Sidewalks to Nowhere

One of my pet pieves is sidewalks that don’t connect anything — they just take up space because some county ordinance required some developer to build one. It turns out that sidewalks to nowhere bother other people, too. In fact, there is a website entitled Sidewalks to Nowhere with illustrations from around the country. (That’s where this image, from Fletcher, N.C., came from).

Cortney Langley, a staff writer with the Virginia Gazette in Williamsburg, sees the nonsensical nature of disconnected sidewalks as well. “Along Mooretown Road [in James City County],” she writes, “you can take a stroll along a freshly poured sidewalk. For about 200 feet. … Throughout the county there are signs of the seemingly absurd: small patches of disconnected sidewalks that begin or end randomly, often with no connecting path in sight.”
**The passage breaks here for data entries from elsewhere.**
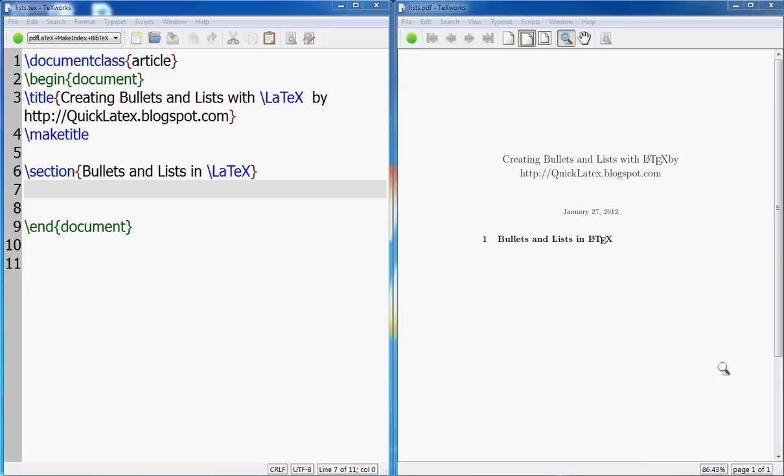Hello everyone and welcome to a new tutorial of LaTeX from quicklatex.blogspot.com. Today I am going to explain how to use bullets and list numbers in LaTeX.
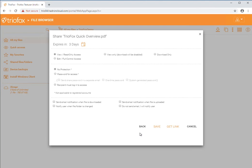And that is how you share a file or a folder from the TrioFox web portal. Thank you.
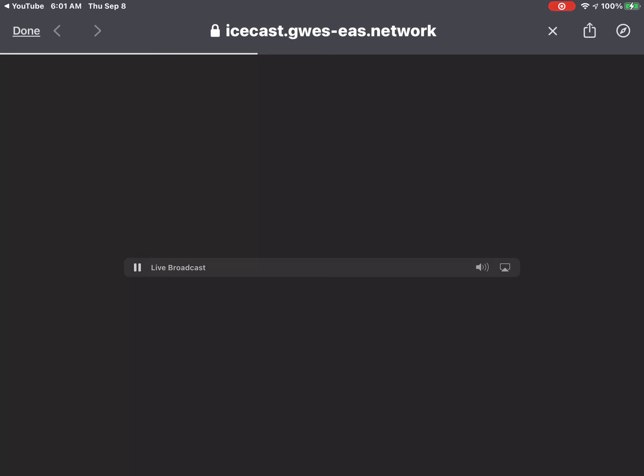If you are outdoors, in a mobile home, or in a vehicle, move to the closest substantial shelter and protect yourself from flying debris. Heavy rainfall may hide this tornado. Do not wait to see or hear the tornado.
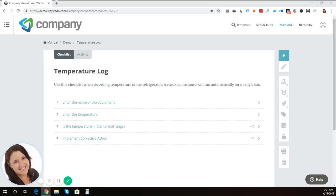Hi, everyone. This is Jackie Jones, founder and CEO of WayWeDo. Today, I'm going to show you how to use decision points in activated checklists for corrective action.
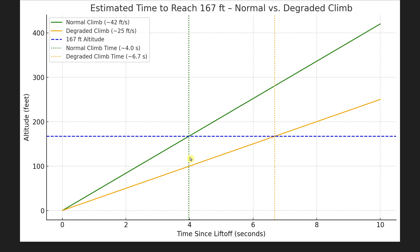If you want to challenge that the photograph shows 4 seconds since liftoff, consider this: even supposing there was an issue with the engines before takeoff causing a degraded climb, it wouldn't be that degraded — the plane had a pretty good, normal-looking climb out. If you had a degraded climb of 25 feet per second instead of 42 feet per second, that only pushes you out to about six and a half seconds to reach 167 feet altitude.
County ordinance requires that new development, even commercial, provide sidewalks out front, no matter where they’re built. The idea is that someday they will link up. Bill Porter, development manager for the county, said that for the most part, it works pretty well. Especially for the county, which gets the sidewalk expense covered by the builder.

Maybe the sidewalks will link up one day. But even if they do, the question remains: Will anyone use them?
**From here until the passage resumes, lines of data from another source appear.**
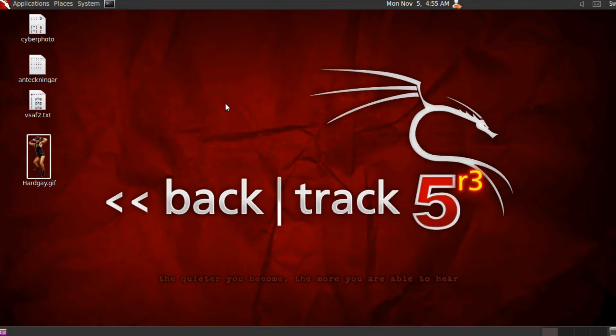Now we're in front of Backtrack, and I'm using Backtrack 5 Release Candidate 3 today. It comes shipped with SQLmap from the beginning, but you could also use SQLmap on another distro like Ubuntu. If you'd like instructions on how to install SQLmap on Ubuntu, you can go to our website at passwordoverride.com and search for SQLmap to find instructions.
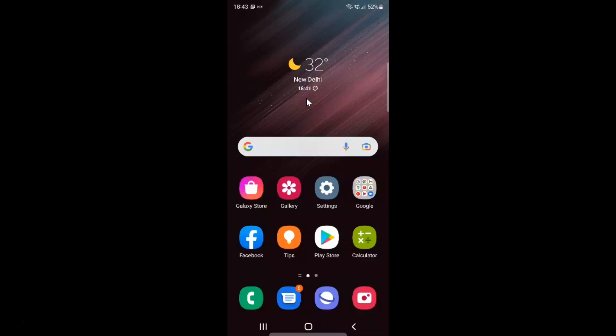Hi guys, in this video I will show you how to enable touch sensitivity on Samsung Galaxy S22 Ultra. So this is my Samsung Galaxy S22 Ultra device. Let us start.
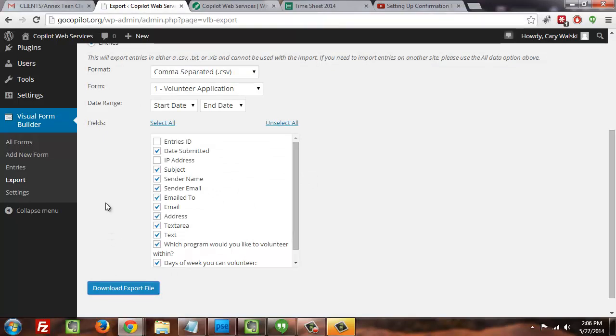or if you just prefer to use spreadsheets as a part of your work style, you also have access to downloading that information and using it if that's kind of how you like to do things. So that is yet another cool feature of the Visual Form Builder plugin.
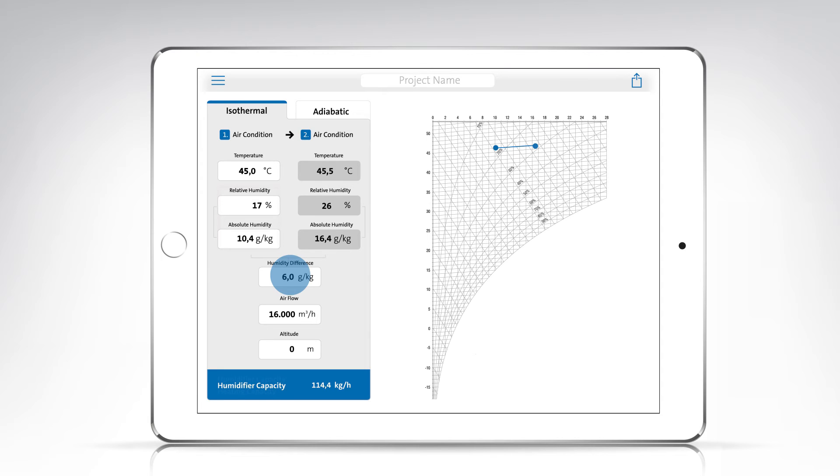If you want to do an adiabatic calculation based on humidification with water rather than steam, tap on the adiabatic tab.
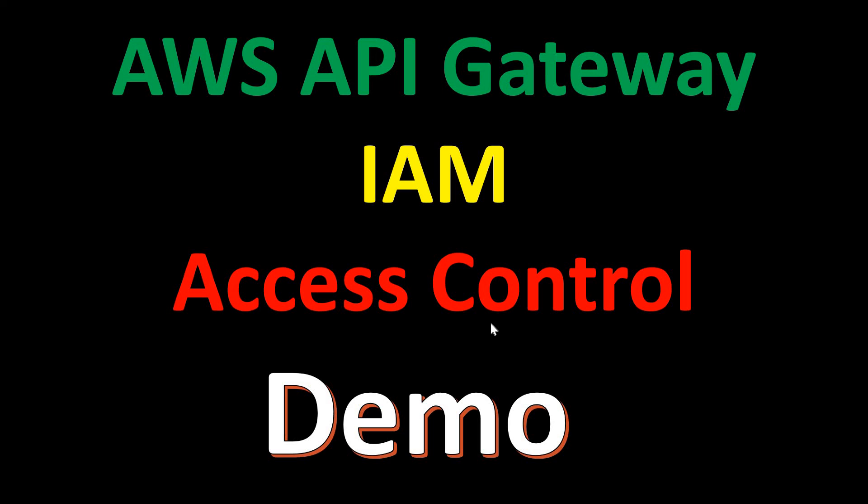Hello everyone, welcome to my channel. In this video, I will discuss IAM Access Control in AWS API Gateway with a practical demo. So, let us get started.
To be useful, sidewalks must connect multiple destinations in close geographic proximity. You can use them to walk to your next-door neighbor or to a friend’s house down the street. You can walk two or three blocks to the corner store to pick up some tomato sauce. You can walk to a pocket park, to a restaurant or a neighborhood video store. Sidewalks don’t work in low-density environments that translate a 10-minute walk into a 40-minute trek.

In Henrico County where I live, the problem isn’t so much sidewalks that go nowhere — although there are some that do — it’s sidewalks that are utterly uninviting. More than a few are located just a few feet away from cars whizzing by at 45 miles per hour. Henrico sidewalks are uninviting also because of the vast distances that must be covered. In my observation, the few people who use them are joggers and strollers looking for exercise. Almost no one uses the sidewalks to actually get somewhere. For the most part, sidewalks are a recreational amenity, not a tool to promote mobility and access.

In scattered, low-density areas where houses, offices and stores are rigidly separated, sidewalks are more useless than teats on a boar hog. Building them simply creates a commitment for someone to maintain them. Frankly, I see no point in requiring developers to build the darn things.